Deckbuilding workshop—Create events that resemble classes. There are usually always players willing to either learn more or take the time to help others.

Pre-tournament trading hour—Set aside time for community-building and get more traffic before your main events begin.

After work/school/church draft—Run an event that’s convenient to specific groups of customers and caters to their schedule. If you make events easier to access, you can then capitalize on the increased traffic to sell product.

Creative Events

Find creative ways to move more product by leveraging events. Here are a few more ideas:

Sealed Deck with non-booster product. Run a tournament with the latest release of Planeswalker Decks or standalone deck products.

Product “free” with purchase into an event. Organize deckbuilder’s workshops, where event entry comes with a Deckbuilder’s Toolkit.

Ancillary product launch league. Run a month-long league with preconstructed Commander decks.

Flashback or Chaos Drafts. Host occasional drafts with out-of-Standard sets, either as it was originally meant to be drafted or combined with other inventory you have.

Standard-Friendly Play

Ask Yourself

Which format are you pushing around a new product release?

How do you and your staff talk about Standard?

Do you or your staff play Standard or have a Standard deck?

We talk a lot about lowering barriers to entry for all players and keeping play accessible, and the best way to accomplish this is by promoting a healthy Standard environment in your store.
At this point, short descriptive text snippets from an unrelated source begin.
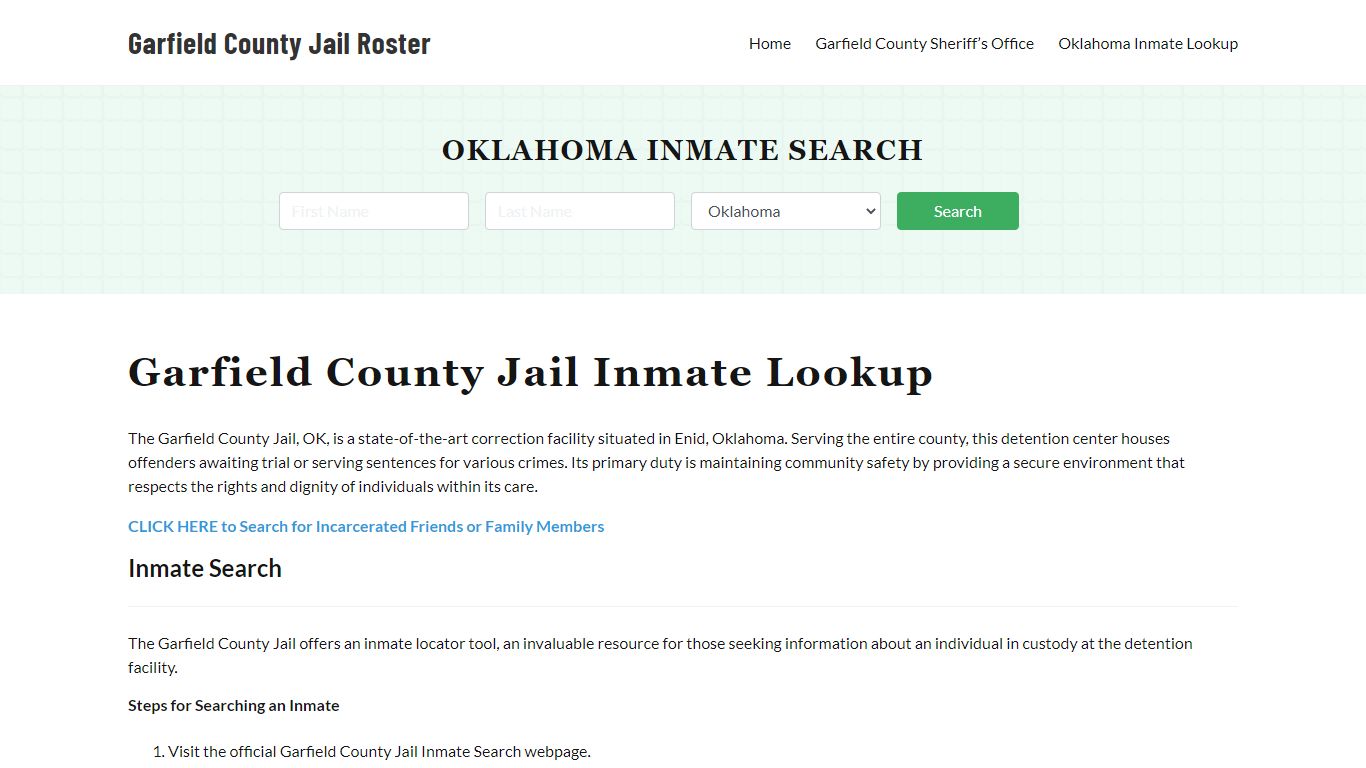 Garfield County Jail Roster Lookup, OK, Inmate Search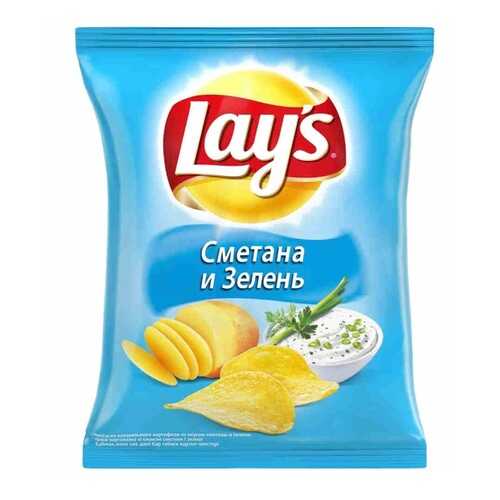 Чипсы Lays из натурального картофеля сметана, зелень 50 г в Шелл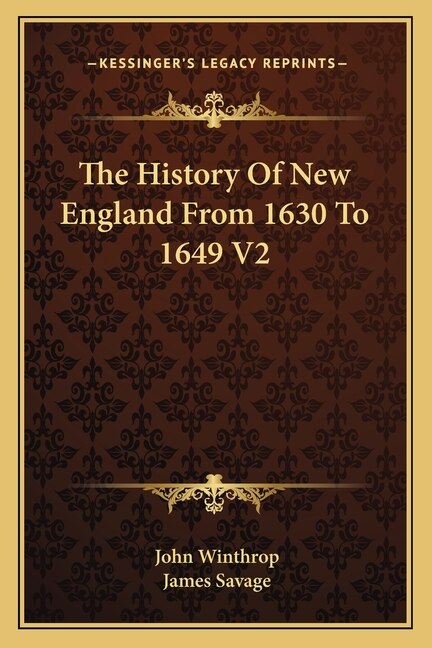 Couverture_The History Of New England From 1630 To 1649 V2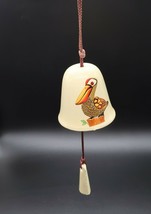 Vtg 1983 Paul Marshall ceramic hanging bell with tropical bird design - £11.93 GBP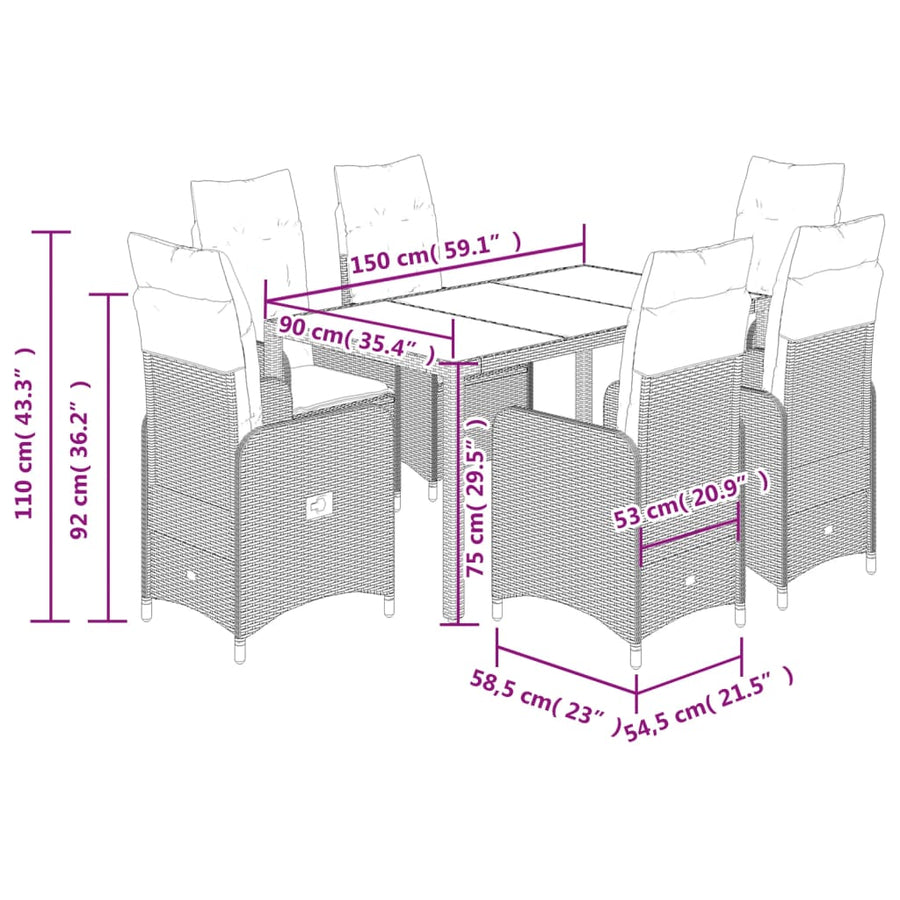 7-delige Bistroset met kussens poly rattan zwart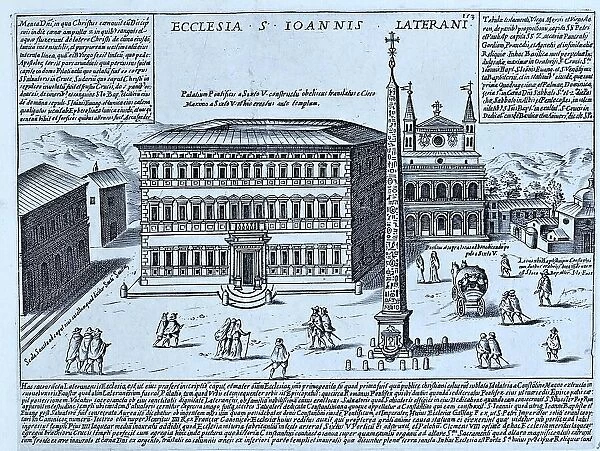 Ecclesia S. Ioannis Laterani, Basilica of St. John Lateran, historical Rome, Italy, digital reproduction of an original 17th century master, original date unknown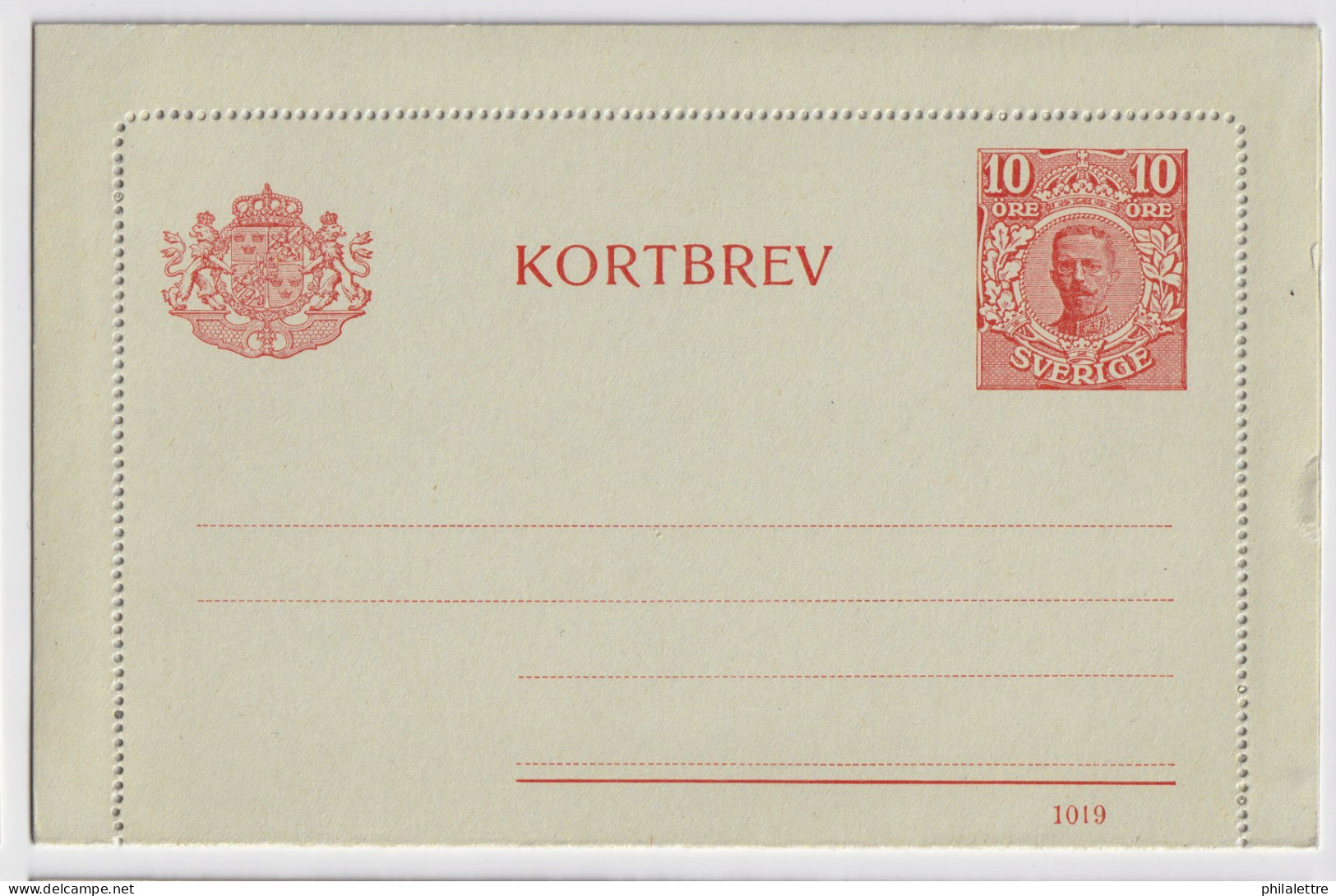 SUÈDE / SWEDEN - 1919 - Letter-Card Mi.K13 10ö Red (d.1019) Unused - Very Fine - Postal Stationery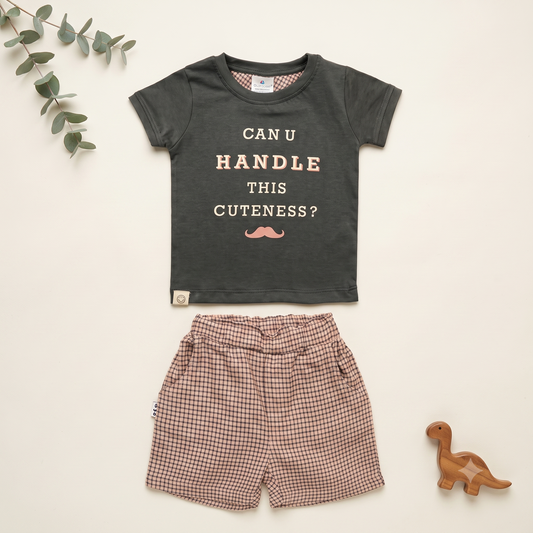 Little Charmer Tee & Checkered Short Set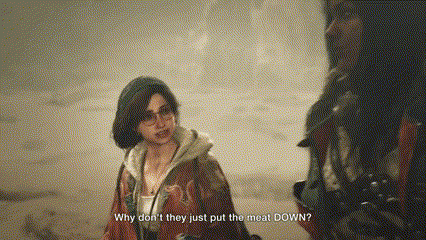 a woman is talking to a man in a video game and says why don 't they just put the meat down .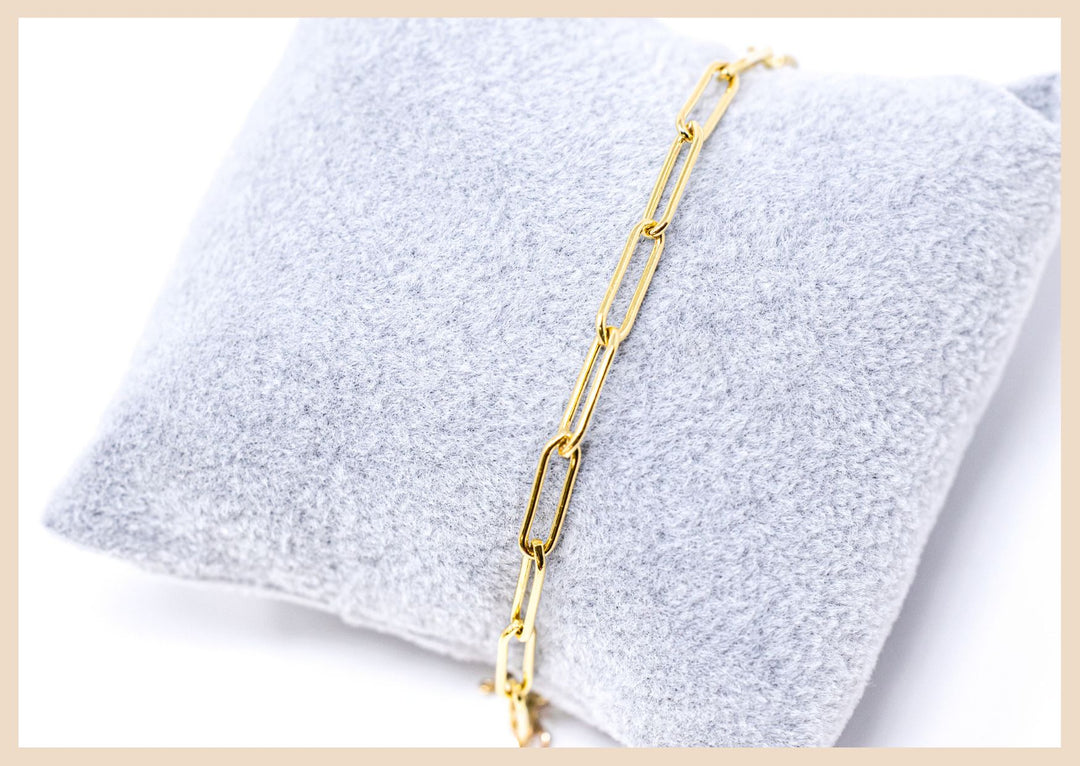 Gold Paperclip Bracelet 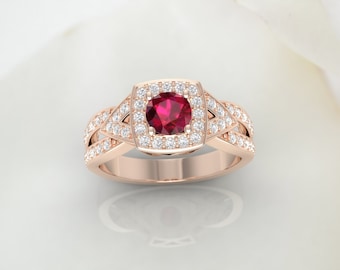 Ruby engagement ring. Art deco style Ruby and Diamond ring. Available in 14K or 18K yellow, white or rose gold. Also in platinum.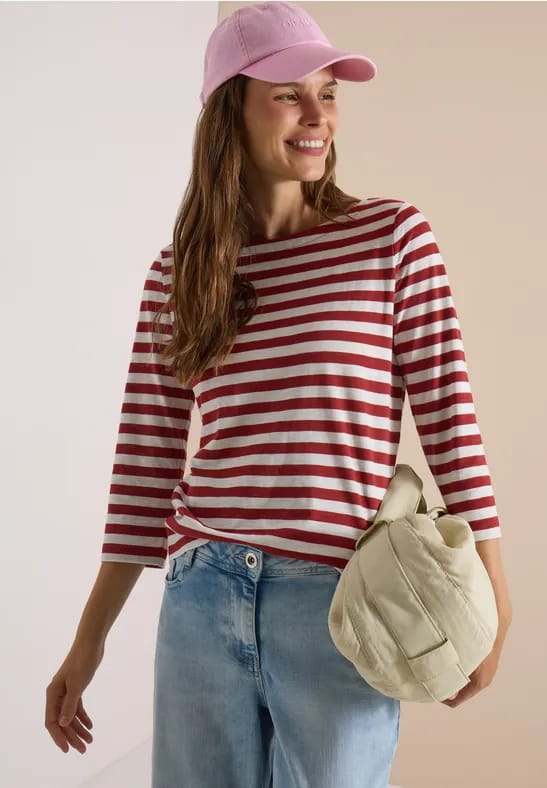 Basic Shirt met boothals en strepen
As a business that carries and sells Magic product, you are an influencer in your customer’s purchase decisions, so it is important to be engaged and enthusiastic about it. Here’s our advice for a Standard-minded store.

Marketing

Align your sales push timing with Wizards of the Coast marketing efforts. Our marketing teams carefully craft messages to optimize player excitement in time with set releases. With the release of any new Standard set, work to build excitement around Standard and what the new cards mean for the format.

Wizards of the Coast works to sustain excitement of new set releases for at least a few weeks with event programs and other promotions. Lean into these programs so you can be in alignment, and to sell more product after the set has launched and momentum has slowed down.

Ancillary product marketing is intentionally short-lived. Push excitement around these products in the build-up to the release but remember that the audiences for these products may not be as wide as Standard releases.

Engagement

Build a Standard deck and encourage your staff to do the same. Take the opportunity to invite your players to play a quick game against you and use that time to check in with your players about their event interests. Your players are more likely to engage in Standard events if your store has a Standard-positive culture.

Be mindful of how you talk about Standard and current set releases. Do not engage in negative conversation surrounding products you are trying to sell.

Standard Positive Outlets

Here’s our final points of advice on Standard:

  1. If your players play Booster Draft, they are building a collection that they can then use to build a Standard deck.
  2. Try the Brawl format as a fun, casual way to engage with Standard cards.
  3. Standard is not synonymous with competitive play. Create low-pressure event opportunities for players and encourage them to experiment with new set releases. If your store struggles with this, host competitive events for Standard less often and casual events more often. See the Event Variety article for more information.

Top Takeaways

Take the time to understand our products and sell more effectively. Here are our top talking points.

  1. Sell more product by prioritizing Standard-friendly play. Standard and Draft encourage your players to interact with new products.
  2. Create clear product offers you can sell. Make it easy for a player to buy everything they need at once.
  3. Understand every product's purpose. Know what products to sell to any player at any stage in their Magic journey.
  4. Know how your product display influences purchases. Be strategic about product placement and make it easy to navigate for every customer.